Linking BOLD and iNat to populate iNat observations?

I am wondering what is the best strategy to link iNat and BOLD, for legacy observations and for future ones, in order to populate iNat with observations that were checked and to help the computer vision model.

For instance, we can duplicate pictures in both systems, but that would not be very efficient.
If this is an option, is batch import from BOLD feasible?. Please note that I am talking about transferring someone’s own pictures that (s)he is sure of, not from other folks.

Another possibility is to cross links to have the same picture in both systems (the picture would be hosted only in one place, and e-framed in the other, like in GBIF). Is that feasible? Though I suppose that iNat needs to host the pictures.

If cross linking is feasible, would it be better for future observations, to first put the obs on iNat and make a link in BOLD to the picture, or the reverse?

I hope my questions are clear,
Thanks

Welcome to the iNat forum!

I think that there’s an existing feature request that addresses your question here:
https://forum.inaturalist.org/t/allow-gbif-and-bold-photos-to-be-used-for-species-pages-lacking-photos/30348

You could vote and contribute thoughts there.

There’s also a recent discussion on DNA sequence data here: https://forum.inaturalist.org/t/integration-of-dna-sequence-data/37814
that may be applicable.

In general, duplicating records from other databases on iNat wouldn’t be good practice, but (personal opinion) it seems like allowing images from BOLD in the same way as for other sources as outlined in the feature request above would be a useful feature.

2 Likes

Wierd thought came to mind. Dating/hookup apps when you live in a city with few prospects. So you join all the apps to spread a wider net – only to find that the same few prospects have also joined all the apps, and you see the same people no matter which one you sign in to.

I have seen several of these threads recently; link iNat to this or that other site. But doesn’t that imply that the sites are redundant? If two sites serve different, or even complementary purposes, they wouldn’t need the same data.

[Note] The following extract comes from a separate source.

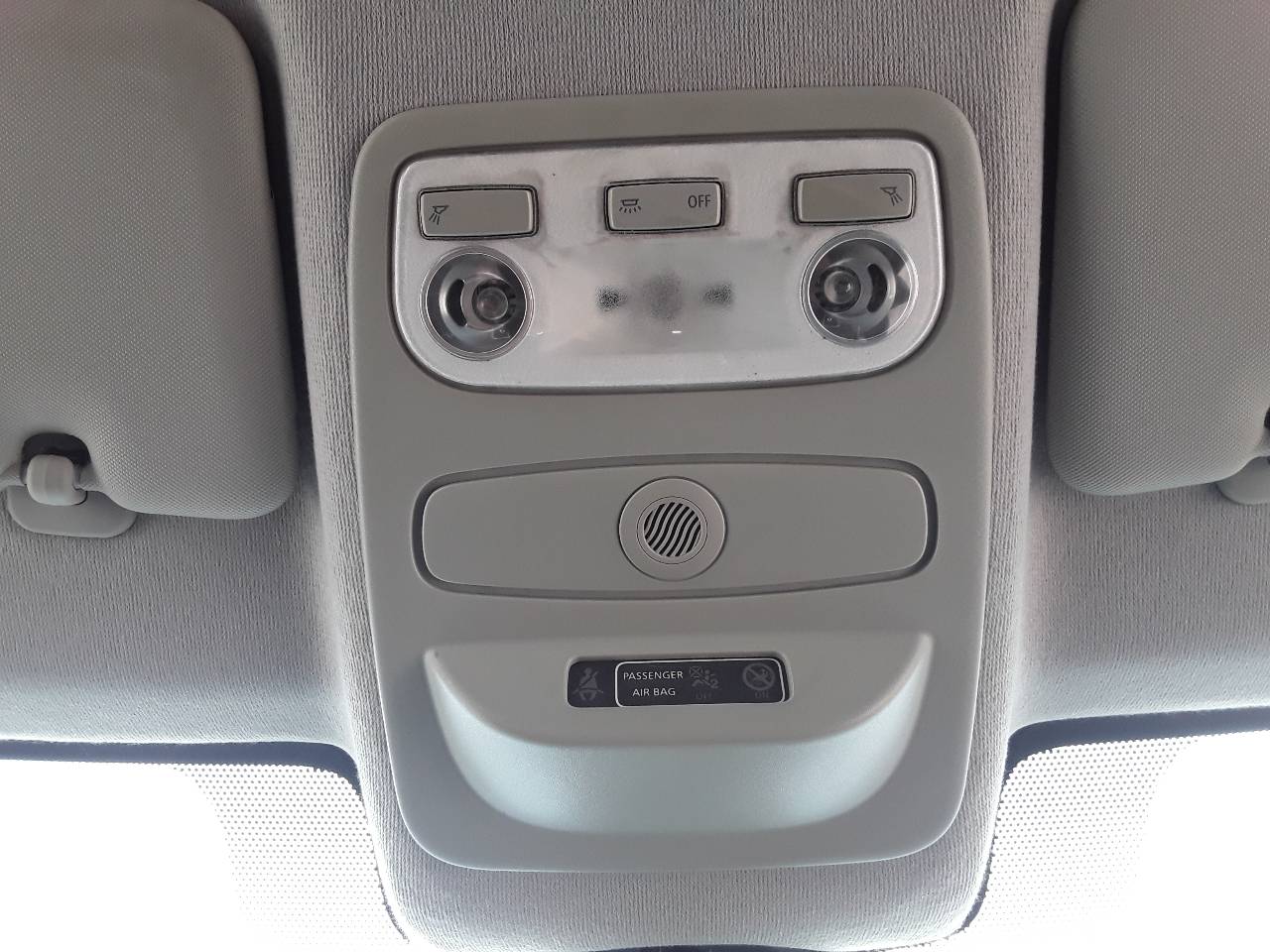 Luz interior, foto 1 de 2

The usual common denominator of fields for describing species occurrence data are: what, where, when and by whom. Beyond that basic set of fields there are many different specialist domains with their own extended data. For example, iNat focusses on images and citizen science, GenBank on sequence data, herbaria/fungaria on vouchered specimens etc. For good reasons there is no single biodata repository that serves all purposes, but they do share a common core of attributes. So no, I don’t think the existence of multiple sites with a subset of the same kind of data are redundant.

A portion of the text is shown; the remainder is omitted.